[The data Boundary: Start]
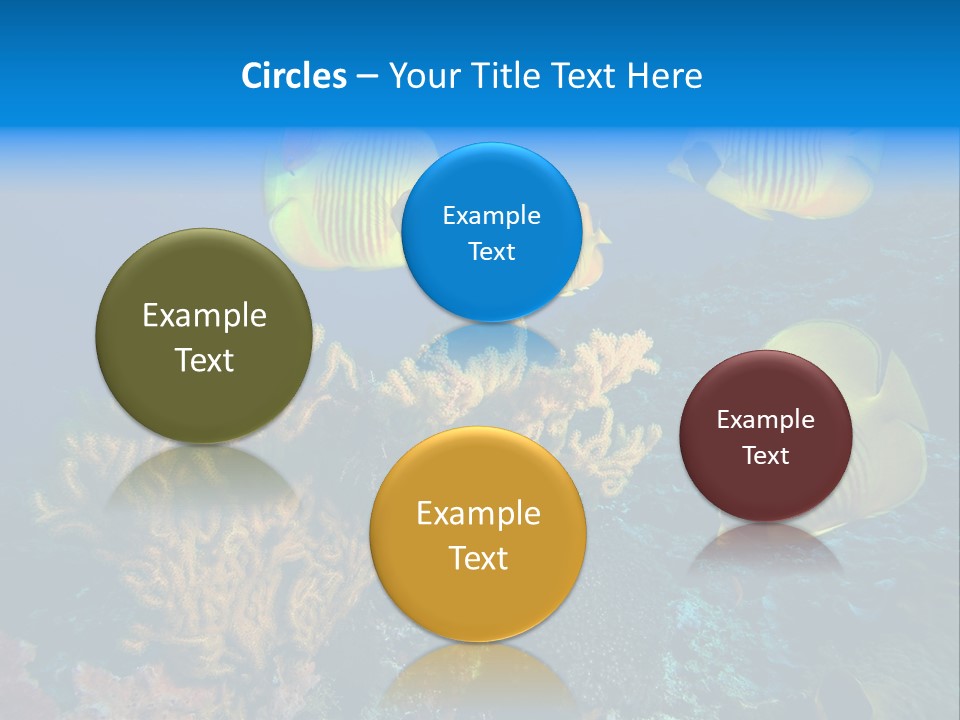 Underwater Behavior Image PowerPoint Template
[The data Boundary: End]
[The data Boundary: Start]
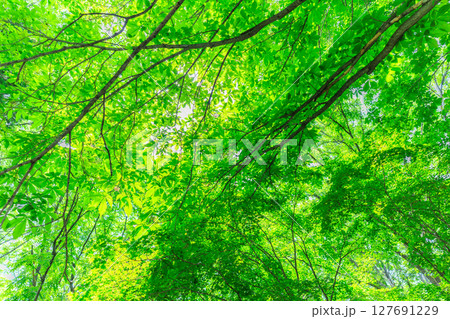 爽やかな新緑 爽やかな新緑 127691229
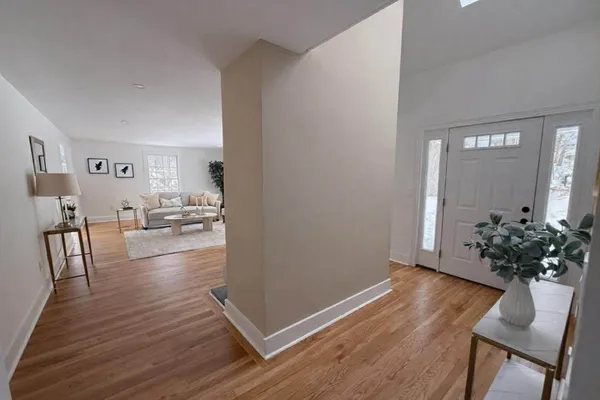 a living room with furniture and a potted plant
[The data Boundary: End]
[The data Boundary: Start]
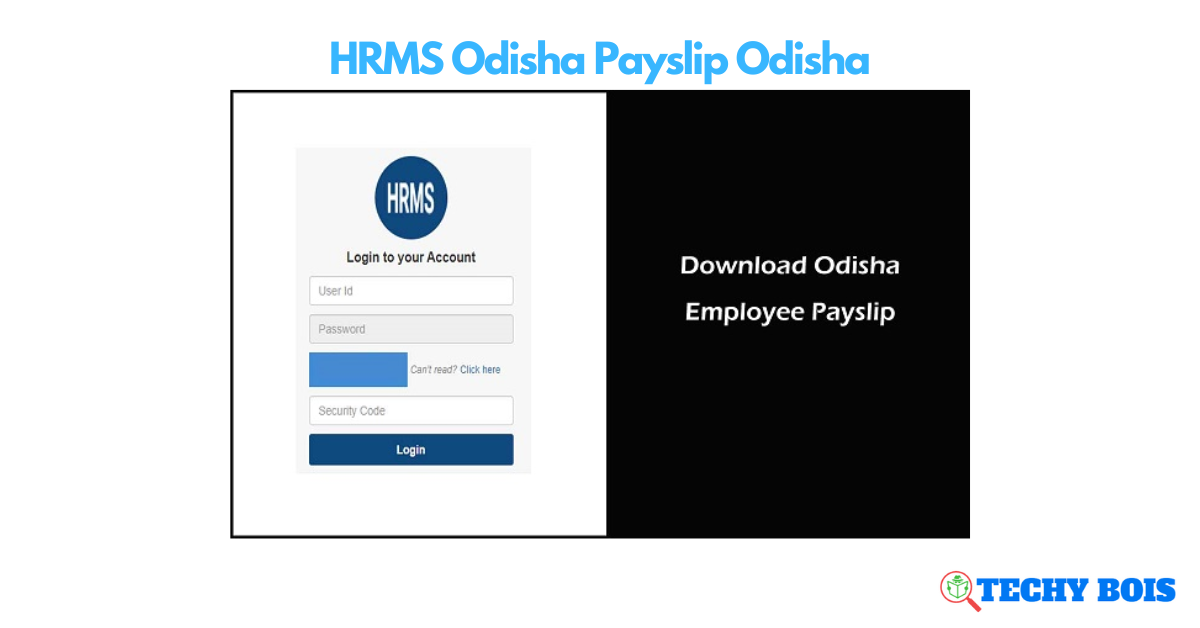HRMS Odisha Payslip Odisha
[The data Boundary: End]
• _How to complete this task_
Your copy should hold the lines from the one with "爽やかな新緑 爽やかな新緑 127691229" up to and including the one with "a living room", exactly as in the data above, and no pictures.

• _Result_
 爽やかな新緑 爽やかな新緑 127691229
 a living room with furniture and a potted plant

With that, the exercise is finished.